In deze zaak heeft de kantonrechter van de Rechtbank Amsterdam op 30 augustus 2019 uitspraak gedaan in een geschil tussen een eiser, vertegenwoordigd door mr. J.A.M. Van de Sande, en de naamloze vennootschap DAS Nederlandse Rechtsbijstand Verzekeringsmaatschappij N.V., vertegenwoordigd door mr. D.A. Pronk. De eiser had een rechtsbijstandverzekering afgesloten bij ASR Schadeverzekering N.V., die door DAS werd uitgevoerd. Het geschil ontstond naar aanleiding van een brief van de gemeente waarin werd aangegeven dat de eiser in strijd met het bestemmingsplan handelde door zijn woning via Airbnb te verhuren. DAS weigerde dekking te verlenen voor de juridische kosten die de eiser maakte in zijn geschil met de gemeente, omdat zij van mening was dat er geen sprake was van tijdelijke verhuur, maar van een commerciële activiteit.
De kantonrechter heeft de polisvoorwaarden van de rechtsbijstandverzekering uitgelegd en geconcludeerd dat de eiser wel degelijk recht had op dekking. De rechter oordeelde dat de uitleg van DAS over de voorwaarden niet in overeenstemming was met de bewoordingen van de polis en het normale spraakgebruik. De kantonrechter stelde vast dat de verhuur door de eiser onder het begrip 'tijdelijke verhuur' viel, zoals bedoeld in het dekkingsoverzicht van de polis. Hierdoor was het geschil met de gemeente gedekt door de rechtsbijstandverzekering.

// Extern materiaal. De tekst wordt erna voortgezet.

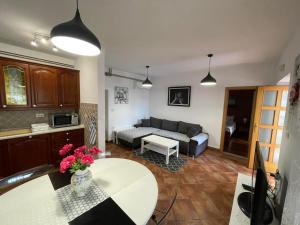 a living room with a couch and a table at Pr šterni - Hrvatini 187 Ankaran in Ankaran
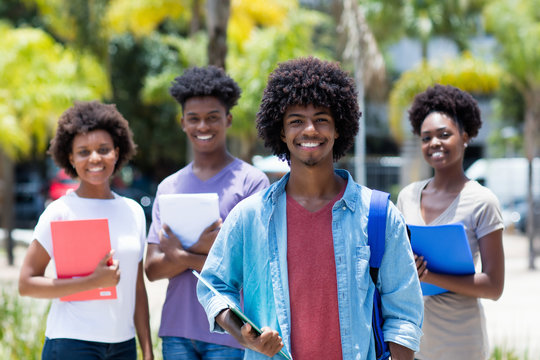 African american university student with group of african american students
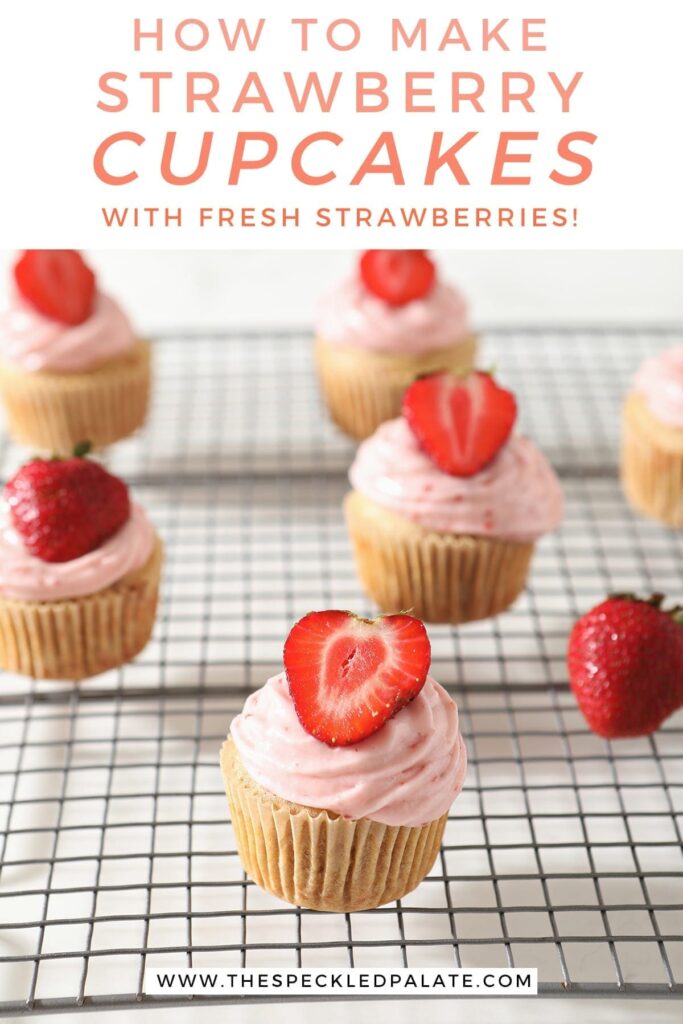 Decorated Strawberry Cupcakes on a wire cooling rack with the text 'how to make strawberry cupcakes with fresh strawberries'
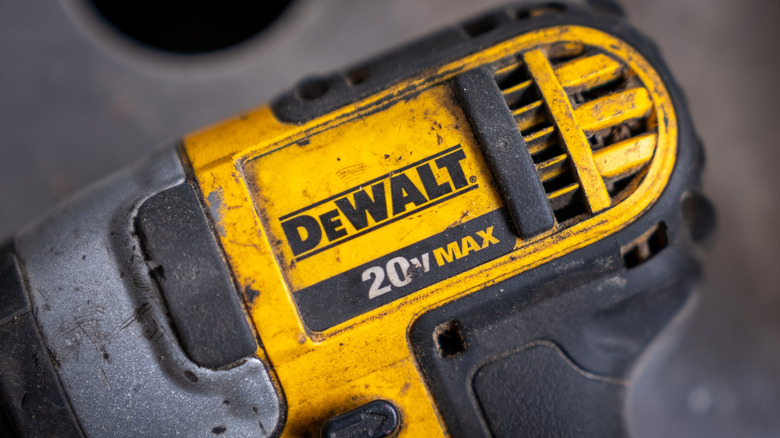 Close-up of DeWalt logo on the side of a tool.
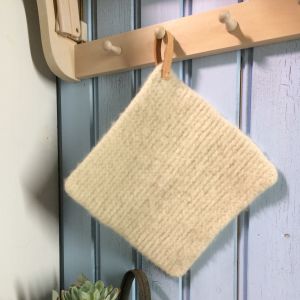 Stickad och tovad grytlapp med läderögla. tovad grytlapp med läderögla hänger på en krok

De rechter heeft DAS veroordeeld tot betaling van de door de eiser gemaakte kosten van rechtsbijstand, die in totaal € 10.358,11 bedroegen, bestaande uit € 5.960,88 voor de kosten van een externe advocaat en € 4.397,23 voor de kosten van rechtsbijstand in deze procedure. Daarnaast is DAS veroordeeld in de nakosten van de eiser. Het vonnis is uitvoerbaar bij voorraad verklaard, en het meer of anders gevorderde is afgewezen.